The relationship between the South and the racing community is somewhat complicated for Carson because of the Confederate flag issue. Carson has compared the rebel flag to the Nazi swastika in that both are considered a “symbol of hate” for many people. Carson, the sole African-American running in the 2016 presidential election, negotiated the issue by stating that the rebel battle flag is “a local issue.”
“If it’s a majority of people in that area who want it to fly, I certainly wouldn’t take it down,” he said.
He said the only condition is that the flag be flown on private property instead of government grounds. It is an important point for racing fans because the battle flag often flies prominently at NASCAR events around the country.
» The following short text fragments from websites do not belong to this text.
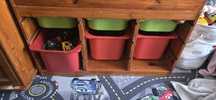 IKEA Trofast regał na zabawki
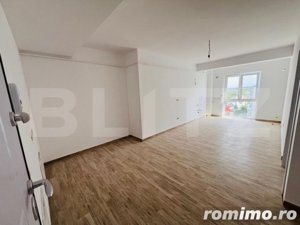 Apartament 2 camere,40 mp ,Bloc nou, Radauti - imagine 2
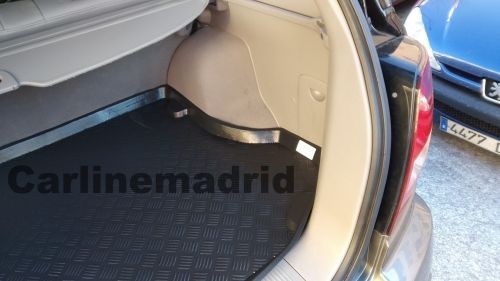 KIA SORENTO 2002 3 Carlinemadrid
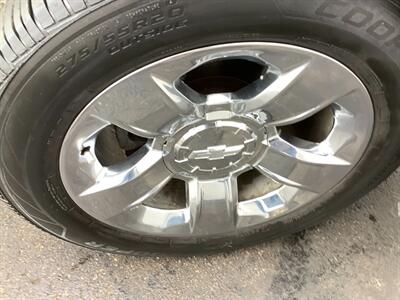 2016 Chevrolet Silverado 1500 LTZ   - Photo 47 - Crest Hill, IL 60403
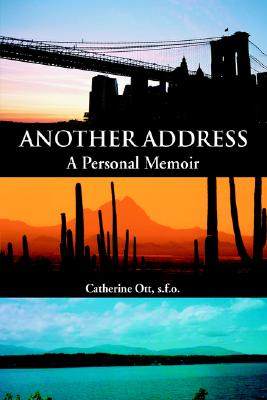 【预售】Another Address: A Personal Memoir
There’s more good news for Carson. He got a significant fundraising bump after he made controversial comments regarding a hypothetical Muslim as a U.S. president. Carson said he could not advocate for a Muslim candidate to advance to the office of president unless that person completely rejects Sharia Law. He said Sharia Law is not compatible with the U.S. Constitution.
While the comments irked many in the media, in progressive politics and even among other GOP presidential contenders, Carson apparently struck home with grassroots voters. Campaign reports state the presidential candidate’s campaign raised between $600,000 and $700,000 after his comments were publicized. His campaign collected $10 million for its coffers in September and has garnered nearly $20 million for the quarter. The Carson campaign has raised an aggregate of $30 million since his campaign launched.
Carson said while visiting the Petty-funded camp in North Carolina that his comments probably contributed to a bump in the latest polls.
“There’s no question that the people of America recognize that America is a unique place, and I don’t think that anybody wants to give that away. We want to be fair to everybody, but we certainly don’t want to change it into something else,” he said.